**ACTION ITEM**: Omit all pictures, then retype exactly the lines from the one that contains "Eduar online show" through the end of the listing.

**INFORMATION PROVIDED**:

++++++++++

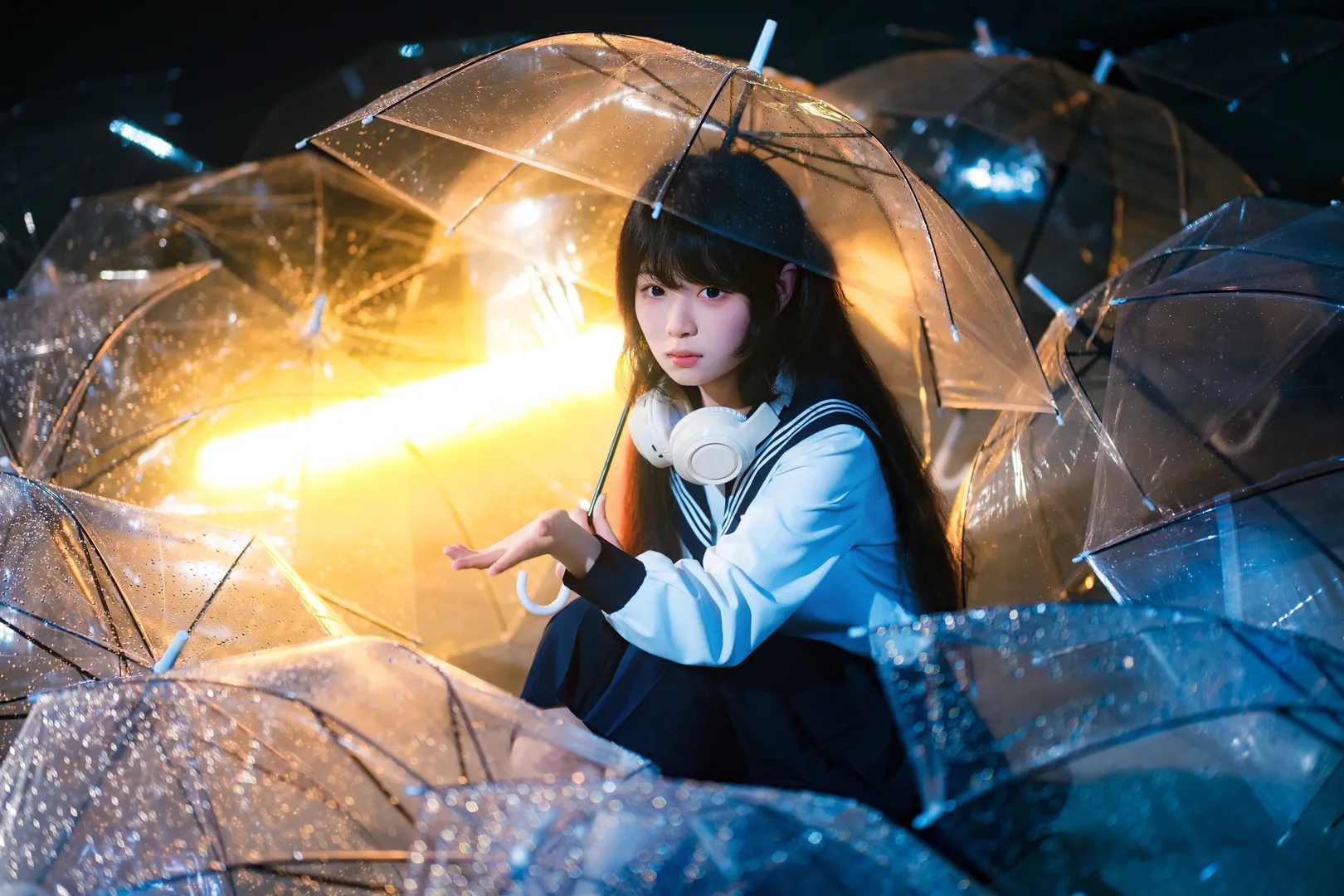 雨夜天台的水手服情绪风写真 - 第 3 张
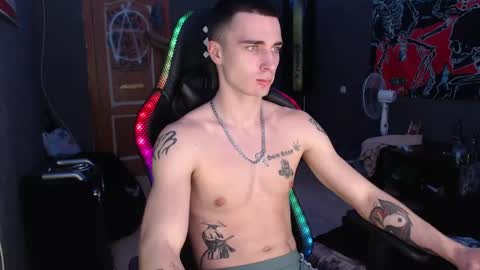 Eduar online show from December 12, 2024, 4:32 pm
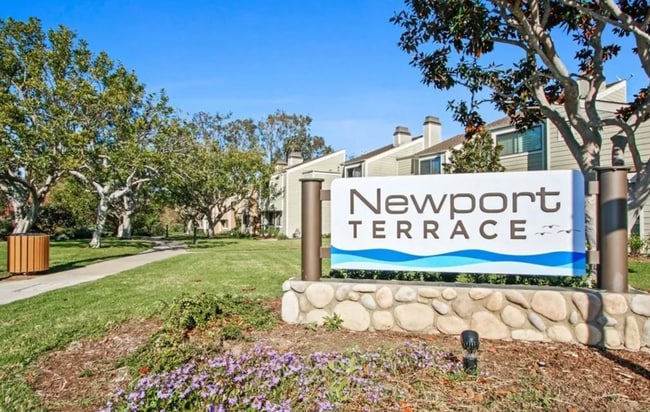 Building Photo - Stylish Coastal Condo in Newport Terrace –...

++++++++++

**ANSWER FOR THE TASK**:
 Eduar online show from December 12, 2024, 4:32 pm
 Building Photo - Stylish Coastal Condo in Newport Terrace –...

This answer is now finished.